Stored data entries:
··········
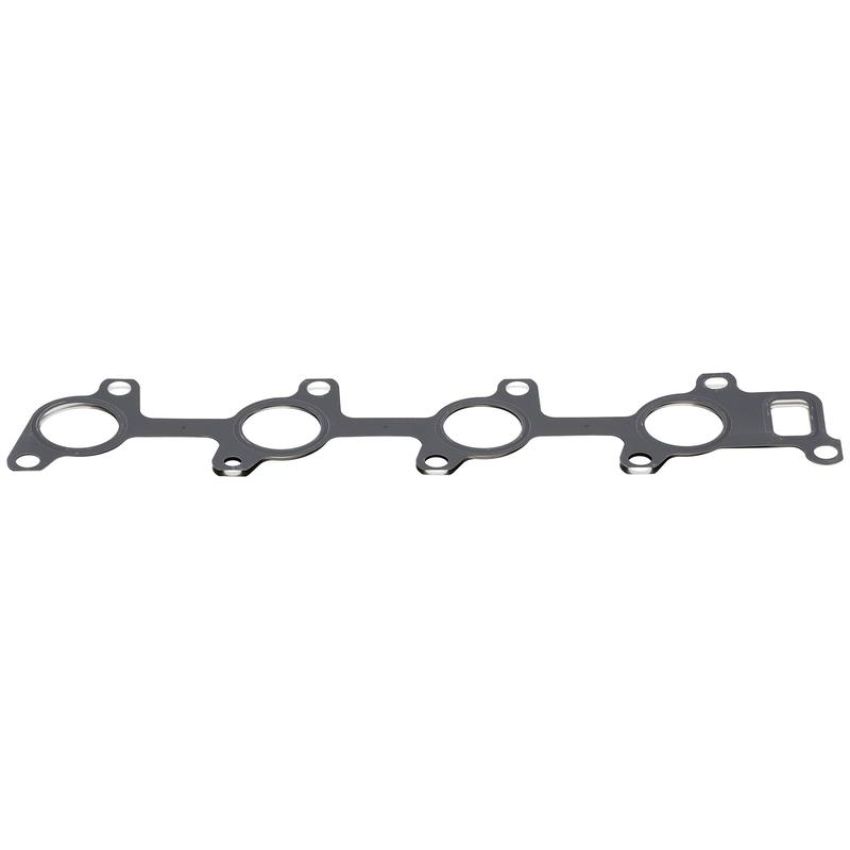 Elring 432.894 Gasket, exhaust manifold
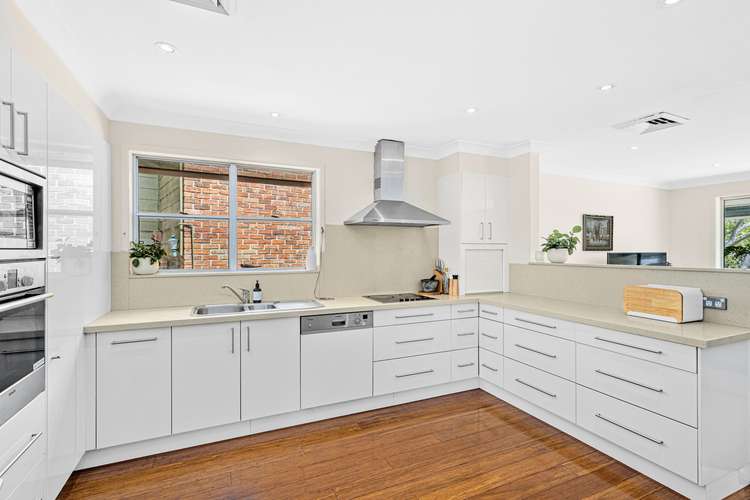 Fourth view of Homely house listing, 65 Wyong Street, Oatley NSW 2223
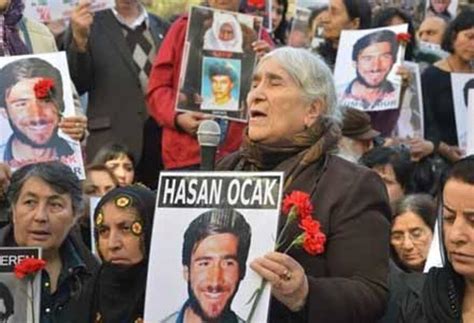 Hasan Ocak Vikipedi.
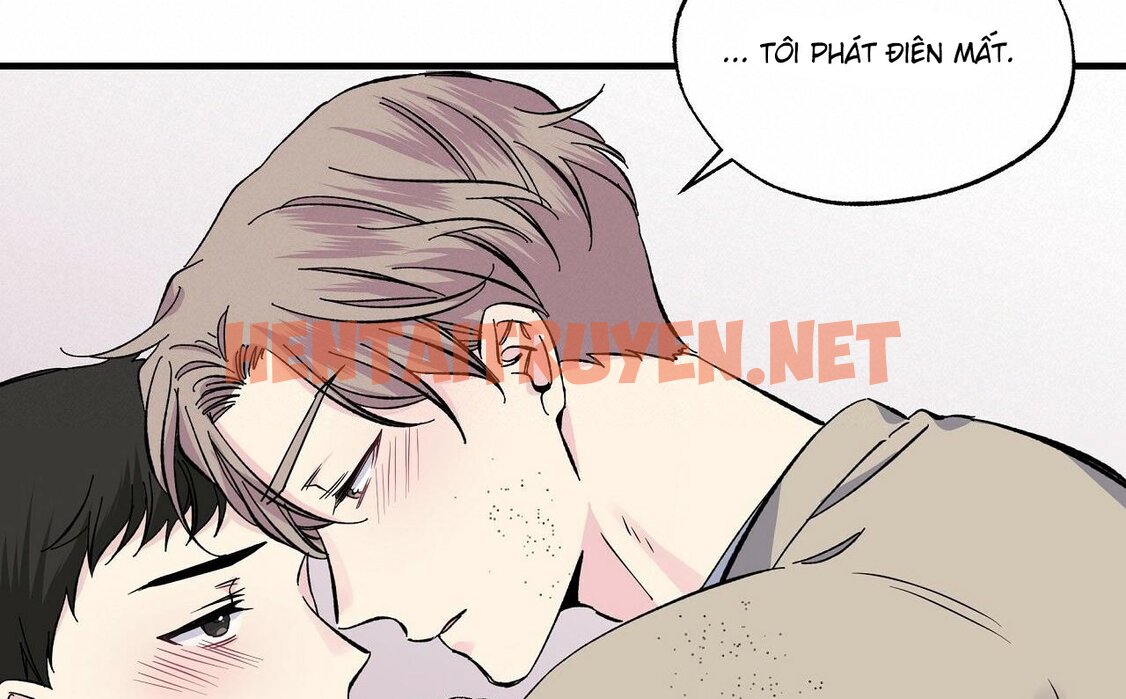 Xem ảnh Vị Ngọt Đôi Môi - Chap 30 - img_021_1664886146 - TruyenVN.APP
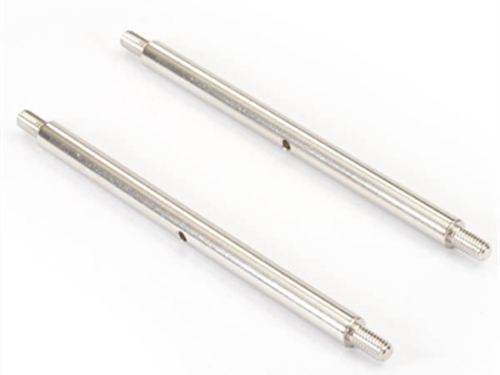 FTX TRACKER LINK 100MM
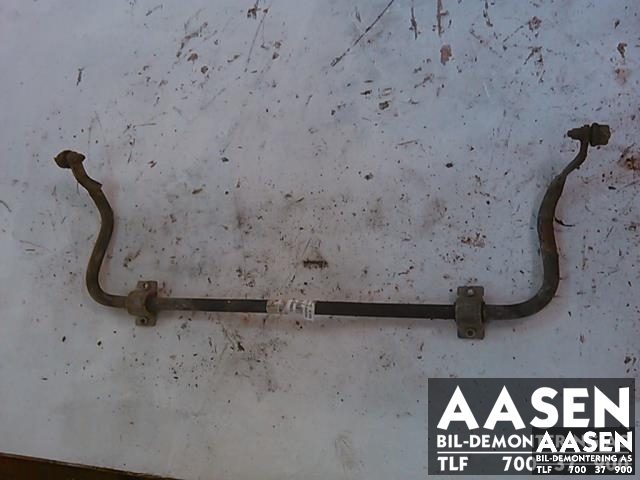 Stabilisatorstag foran til Peugeot 407, 2004-2010  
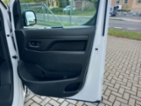 Citroën Jumpy, 1,5HDi 1.MAJ POUZE 46t.KM! DPH
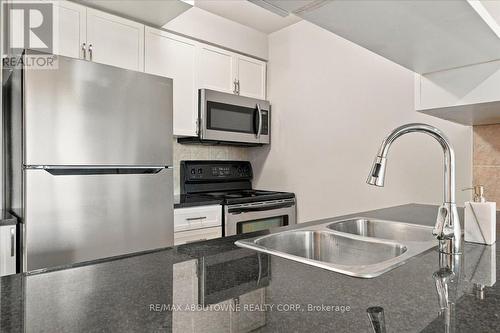 807 - 2391 Central Park Drive, Oakville, ON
··········
• TASK TO COMPLETE:
Repeat exactly the line containing "Xem ảnh Vị Ngọt" and every line after it through the end of the records, and nothing else. Leave the pictures out.

• REPLY:
 Xem ảnh Vị Ngọt Đôi Môi - Chap 30 - img_021_1664886146 - TruyenVN.APP
 FTX TRACKER LINK 100MM
 Stabilisatorstag foran til Peugeot 407, 2004-2010  
 Citroën Jumpy, 1,5HDi 1.MAJ POUZE 46t.KM! DPH
 807 - 2391 Central Park Drive, Oakville, ON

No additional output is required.